Estimation of transporter occupancy

BPSUVR20 and BPSUVR40 deviated from the linear correlation with BP2CM as BPND increased, and this nonlinear correlation caused the bias of OCCSUVR20 and OCCSUVR40 in transporter occupancy estimation (Fig. 5). Compared with OCCSUVR20 and OCCSUVR40, OCCSUVR70 showed better linearity with OCC2CM and less effect of K 1 values, suggesting the usefulness of BPSUVR70 in the occupancy estimation. However, OCCSUVR70 became smaller as the K 1 value became lower. Therefore, OCCSUVR70 should be attempted with caution in case CBF in the target region decreases because of neurologic or psychiatric disease or the K 1 value would change among individuals. On the other hand, the occupancy estimated from BPSRTM had good correlation with OCC2CM, and they were not affected by K 1 values (Fig. 5). In addition, BPSRTM was more reliable than BPSUVR70 when the k 3 value was smaller (Fig. 6), suggesting that the SRTM is suitable for the measurement of transporter occupancy in which the k 3 value has a wide range. However, the effect of statistical noise on estimated OCCSRTM was not remarkably smaller than in the SUVR methods, and became larger as the scan length became less (Fig. 7). Therefore, longer scan length is required compared with the SUVR methods.

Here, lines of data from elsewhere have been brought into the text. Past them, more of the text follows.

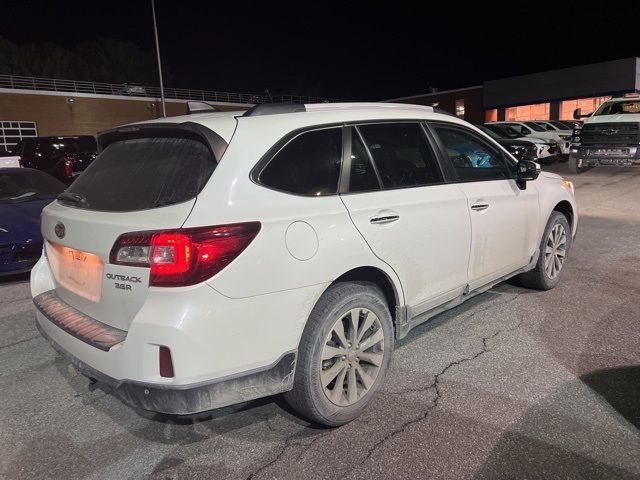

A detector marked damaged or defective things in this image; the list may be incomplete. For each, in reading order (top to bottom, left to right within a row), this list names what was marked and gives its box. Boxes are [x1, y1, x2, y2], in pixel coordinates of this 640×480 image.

crack in asphalt [344, 312, 524, 476]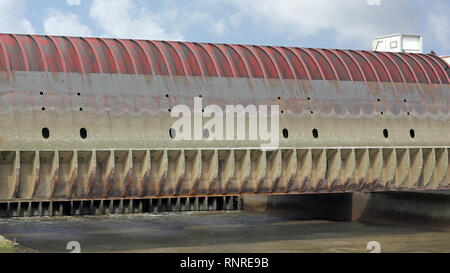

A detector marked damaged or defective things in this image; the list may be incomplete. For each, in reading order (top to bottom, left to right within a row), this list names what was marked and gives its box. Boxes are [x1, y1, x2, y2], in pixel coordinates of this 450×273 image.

rusty metal surface [0, 33, 448, 204]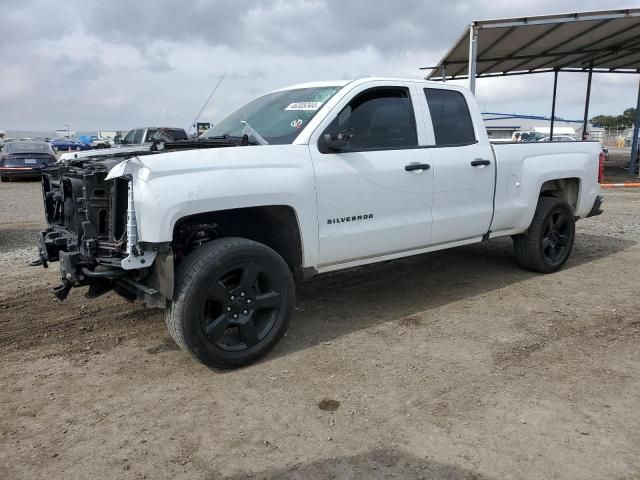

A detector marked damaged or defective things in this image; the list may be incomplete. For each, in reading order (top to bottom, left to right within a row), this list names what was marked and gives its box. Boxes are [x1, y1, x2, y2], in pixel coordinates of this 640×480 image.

damaged front end [37, 158, 166, 308]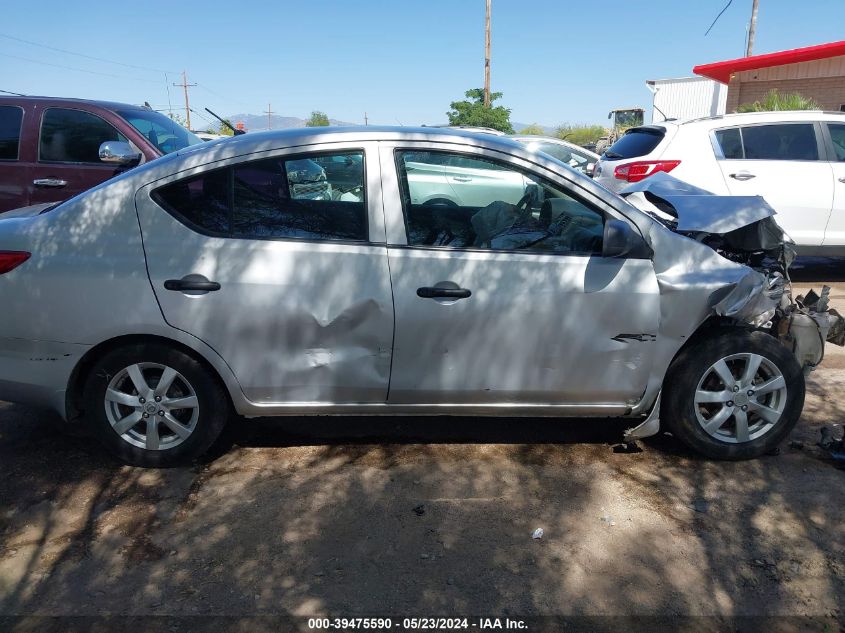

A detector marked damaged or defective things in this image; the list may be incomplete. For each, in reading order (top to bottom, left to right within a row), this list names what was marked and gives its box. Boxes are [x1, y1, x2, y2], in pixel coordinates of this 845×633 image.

In conclusion, the simplified method was applied to the measurement of the binding potential of DAT in a human study with 18F-FE-PE2I. As well as SRTM, BPND estimated from SUVR of the target and reference regions using frames of late times provided stable estimates and showed good correlation with those by the conventional two-tissue compartment model, although they were greatly overestimated. In the estimation of transporter occupancy, SRTM with 90-min data is superior to the SUVR method, because it showed good linearity, less effect of cerebral blood flow, and higher reliability in the scan with small BPND after drug treatment. However, the SUVR method using late time frames also has the potential to provide transporter occupancy with a short scan length.